Copyright 2002 Reed Business Information, Inc.
Customer Reviews
Sometimes the lamb eats the lion
Truly a phenomenal anthology, I buzzed through Ketchum's collection like a goose through a field of June-bugs, smacking my lips at every tasty morsel.
There are thirty-two stories here in this collection, way to many to give even the briefest of synopsis for each, but trust me when I say that Ketchum runs a gamut here from realism to surrealism straight through the ethereal and on into the pits of hell itself. Yummy.

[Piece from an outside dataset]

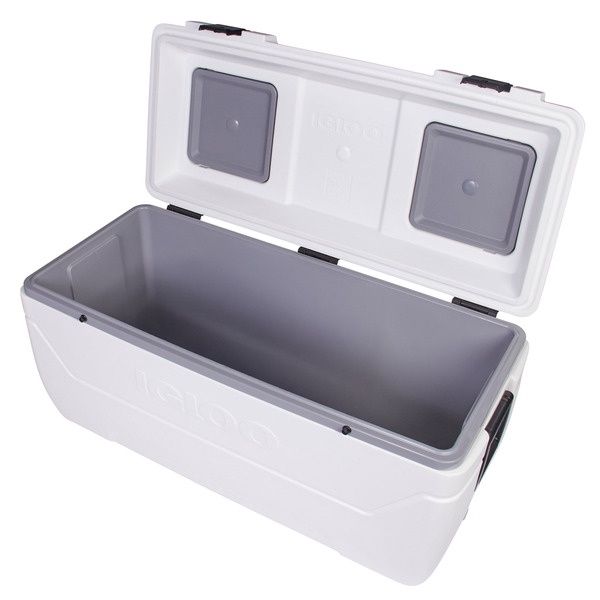 Igloo 165-quart Maxcold Chest Cooler with Butterfly Quick Access Hatch - Retail $99.99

A Mother sees her ten year old son for the monster he is, a mysterious empty box that leaves death in its wake, parrots and body-painting in a haunted bar, the unbreakable melding of minds with twins, a dying author's last wish, new methods of gentlemen's justice, just to skim a few teasers.
Of special mention are the tales "Meagan's Law", a horrifying look at a real life monster that twists your views around; "The Great San Diego Sleazy Bimbo Massacre", a brutal and hilarious tale of two barflys and an unwanted husband; "The Rose", in which a tattoo artist frees a slave; and "Lines: Or Like Franco, Is Elvis Still Dead", a realistically scary tale of Fatal Attraction.
Ketchum has proven in this collection that he not only writes well, but can cross whatever genre he chooses successfully. Wild, weird, wonderful, horrific, and even inspiring, this is a must-have for you anthology collection.
Includes Introduction and Afterward by Jack Ketchum, both factually interesting enough to take note of. Enjoy!
Woah!
This book is worth the price alone for the story titled MAIL ORDER, which is one of the best short horror tales I've read in years (think a more demented version of the film 8MM). Kethcum shines with this collection, and the few non-horror tales (plus a western) all keep the readers' interest. Horror fans will eat this up. The thirty-two tales fly by.
How Short Stories Are Supposed To Be Written
When one gets to know an author through his or her fiction, one comes to expect a certain sameness or familiarity in their work, a comfortable foundation on which they will build a new, but not entirely unfamiliar story. With Ketchum, one must only expect a well written story, because that is the only similarity you are going to get. He has written so broadly and so well over the years, and this collection is the highlight of a brilliant, if somewhat underappreciated, career. It collects most of his short fiction, contains a few stories exclusive to this edition, and reprints all but two stories from his earlier and long out of print collection The Exit At Toledo Blade Boulevard. If you get the Subterranean Press limited edition, you will find some artwork to two of the stories, if you get the Leisure edition, you will find a new afterword. I recommend them both. Some of these stories will make you laugh, some will make you cry, some will leave you stunned. The range of this author far outshines any other, and you can't go wrong with this book.